Messerschmidt Daniel, de Vries Wilhelmine N, Lorthongpanich Chanchao, Balu Sathish, Solter Davor, Knowles Barbara B

机构信息

Institute of Medical Biology, A*STAR, 8A Biomedical Grove, Immunos 06-06, 138648, Singapore Institute of Molecular and Cellular Biology, A*STAR, Proteos 5-02, 138673, Singapore.

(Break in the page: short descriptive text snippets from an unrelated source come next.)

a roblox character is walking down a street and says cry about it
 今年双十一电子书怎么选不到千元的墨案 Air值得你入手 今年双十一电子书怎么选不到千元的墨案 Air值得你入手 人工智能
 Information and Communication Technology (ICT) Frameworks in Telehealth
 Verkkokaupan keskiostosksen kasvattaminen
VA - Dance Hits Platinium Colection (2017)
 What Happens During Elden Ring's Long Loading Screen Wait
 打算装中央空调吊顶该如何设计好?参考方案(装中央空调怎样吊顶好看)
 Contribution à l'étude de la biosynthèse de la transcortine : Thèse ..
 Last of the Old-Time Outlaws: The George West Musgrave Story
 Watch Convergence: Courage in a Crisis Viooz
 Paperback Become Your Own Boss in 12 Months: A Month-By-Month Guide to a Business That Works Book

The Jackson Laboratory, 600 Main Street, Bar Harbor, ME 04609, USA.

出版信息

Development. 2016 Jun 1;143(11):1993-9. doi: 10.1242/dev.133439.

DOI:10.1242/dev.133439
PMID:27246714
Abstract

β-catenin (CTNNB1) is integral to cell adhesion and to the canonical Wnt signaling pathway. The effects of maternal and zygotic CTNNB1 on embryogenesis have each been separately assessed, whereas the effect of its total absence has not. As the 'traditional' conditional Ctnnb1 knockout alleles give rise to truncated CTNNB1 fragments, we designed a new knockout allele incapable of CTNNB1 production. Mouse embryos lacking intact maternal/zygotic CTNNB1 from two knockout strains were examined in detail. Preimplantation embryos are formed, yet abnormalities in their size and shape were found throughout pre- and early postimplantation development. In the absence of the zona pellucida, embryos lacking CTNNB1 undergo fission and these separated blastomeres can become small trophoblastic vesicles, which in turn induce decidual reactions. Comparing the severity of this defective adhesion phenotype in embryos bearing the null allele with those carrying the 'traditional' knockout allele suggests a hypomorphic effect of the truncated CTNNB1 protein fragment, an important observation with possible impact on previous and future studies.

摘要

β-连环蛋白(CTNNB1)对于细胞黏附以及经典Wnt信号通路至关重要。母源和合子源CTNNB1对胚胎发育的影响已分别进行评估,但其完全缺失的影响尚未评估。由于“传统”的条件性Ctnnb1敲除等位基因会产生截短的CTNNB1片段,我们设计了一种无法产生CTNNB1的新敲除等位基因。对来自两个敲除品系的缺乏完整母源/合子源CTNNB1的小鼠胚胎进行了详细检查。植入前胚胎能够形成,但在植入前和植入后早期发育过程中均发现其大小和形状存在异常。在没有透明带的情况下,缺乏CTNNB1的胚胎会发生分裂,这些分离的卵裂球可形成小的滋养层小泡,进而诱导蜕膜反应。将携带无效等位基因的胚胎与携带“传统”敲除等位基因的胚胎中这种黏附缺陷表型的严重程度进行比较,提示截短的CTNNB1蛋白片段具有亚效性作用,这一重要观察结果可能会对既往及未来研究产生影响。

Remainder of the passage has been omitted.